QLearning

Introduction

Q-learning (section 21.2.3 of AIMA) is a type of temporal difference Reinforcement Learning that uses a value function to pick the best action. In this demo, a Q-Learning agent leans to navigate the maze from experience: It learns how likely each possible move (north, south, west, east) at each location of the maze is to lead to the goal. The video below shows how it works; you can also run OpenNERO yourself to test it interactively.

Click to play video.

Running the Demo

To run the demo,

start OpenNERO
Start the Reinforcement Learning Experiment
Select the method you want to run from the pull-down menu: 1. Q-learning (Coarse) runs the coarse-grained (easy) version 1. Q-learning (Fine) runs the fine-grained (more difficult) version 1. First Person Coarse/Fine allows you to solve the maze yourself
Click on the Start button to start the demo

You can also

Click Pause to temporarily suspend the method
Click Reset to terminate the method
Click New Maze to try again with a different maze
Use the Explore-Exploit slider (that appears once you start the Q-learning agent) to adjust the fraction of the actions taken to explore the environment (i.e. randomly selected actions) vs. actions taken greedily (i.e. those with the best Q-values.)
Use the Speedup slider to run the visualization faster or slower
Use the Starting Offset slider to control the spawn location of the agent at the beginning of new episodes.
Use the keyboard controls described in the Running OpenNERO page to move around in the environment.

The details of each method are described below.

The Maze Environment

In the coarse-grained version, the maze consists of 8x8 discrete locations. At each location, the agent can select from four actions: North, south, west, and east. The agent receives a reward of 100 on the final move when it reaches the goal and a reward of -1 when it moves from a cell to another cell that is not the goal. This reward structure encourages reaching the goal with the minimum number of moves (each subtracting -1). Also, if the agent takes an action that hits a wall, it receives a reward of -100.

Q-learning (Coarse)

The learning consists of learning Q-values for each action at each location. The Q-learner uses a tabular representation, which is appropriate and effective for such a small state and action space.

The visited tiles are marked by yellow or green markers, and the Q-values by blue squares in the four directions around the central markers. The distance of each blue square from the yellow/green tile indicates how large the Q-value is. Also, the size of the central yellow/green marker in each maze tile corresponds to the highest Q-value in that tile. The values are initially small, and you can see how they gradually change as a result of learning. The central marker turns green when the value of the tile is above 0, which means the agent has discovered some action in that tile which can eventually take it to the goal.

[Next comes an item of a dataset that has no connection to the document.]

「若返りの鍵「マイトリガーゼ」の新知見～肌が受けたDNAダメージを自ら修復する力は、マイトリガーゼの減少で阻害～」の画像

As soon as the agent reaches the goal for the first time, you should see that the values near the goal start to point in the right direction, and the learning proceeds gradually towards the start location. After learning, the pattern of blue squares at each location thus forms an arrow pointing at the best direction of movement.

Based on this observation, you can use the learning parameters that are available on the user interface (Explore-Exploit (epsilon), and Starting Offset) to speed up the learning process. The Explore-Exploit slider controls the probability of taking random exploratory moves vs. moves based on which action has the highest Q-value at the moment. Starting Offset controls the spawn location of the agent: The agent starts at a cell whose Manhattan distance from the source is equal to the value of the slider.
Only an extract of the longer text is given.